And in a later scene (i. 4) Hamlet says:
“Say, why is this? wherefore? What should we do?”
The Greeks believed that such as had not received funeral rites would be excluded from Elysium; and thus the wandering shade of Patroclus appears to Achilles in his sleep, and demands the performance of his funeral. The younger Pliny tells a story of a haunted house at Athens, in which a ghost played all kinds of pranks, owing to his funeral rites having been neglected. A further reference to the superstition occurs in “Titus Andronicus” (i. 1), where Lucius, speaking of the unburied sons of Titus, says:
“Give us the proudest prisoner of the Goths,
That we may hew his limbs, and, on a pile,
Ad manes fratrum sacrifice his flesh,
Before this earthy prison of their bones;
That so the shadows be not unappeased,
Nor we disturbed with prodigies on earth.”
In olden times, spirits were said to have different allotments of time, suitable to the variety and nature of their agency.

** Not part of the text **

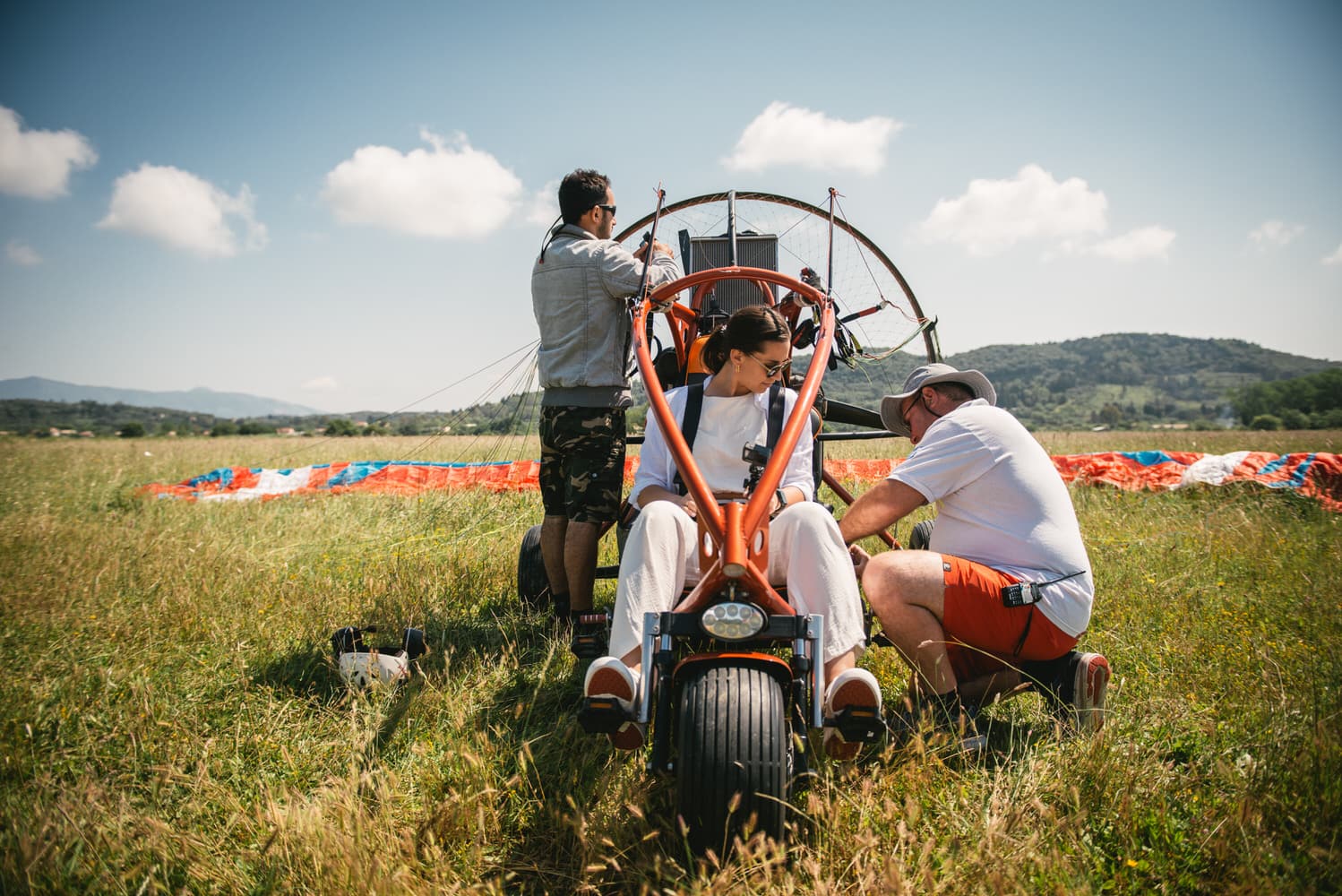 Bride's exhilaration before paragliding, a daring adventure during their Corfu elopement.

Prospero, in the “Tempest” (i. 2), says to Caliban:
“Be sure, to-night thou shalt have cramps,
Side-stitches that shall pen thy breath up; urchins
Shall, for that vast[77] of night that they may work,
All exercise on thee.”
According to a popular notion, the presence of unearthly beings was announced by an alteration in the tint of the lights which happened to be burning—a superstition alluded to in “Richard III.” (v. 3), where the tyrant exclaims, as he awakens:
“The lights burn blue.—It is now dead midnight,
Cold fearful drops stand on my trembling flesh—
*****
Methought the souls of all that I had murder’d
Came to my tent.”
So in “Julius Cæsar” (iv. 3), Brutus, on seeing the ghost of Cæsar, exclaims:
“How ill this taper burns! Ha! who comes here?”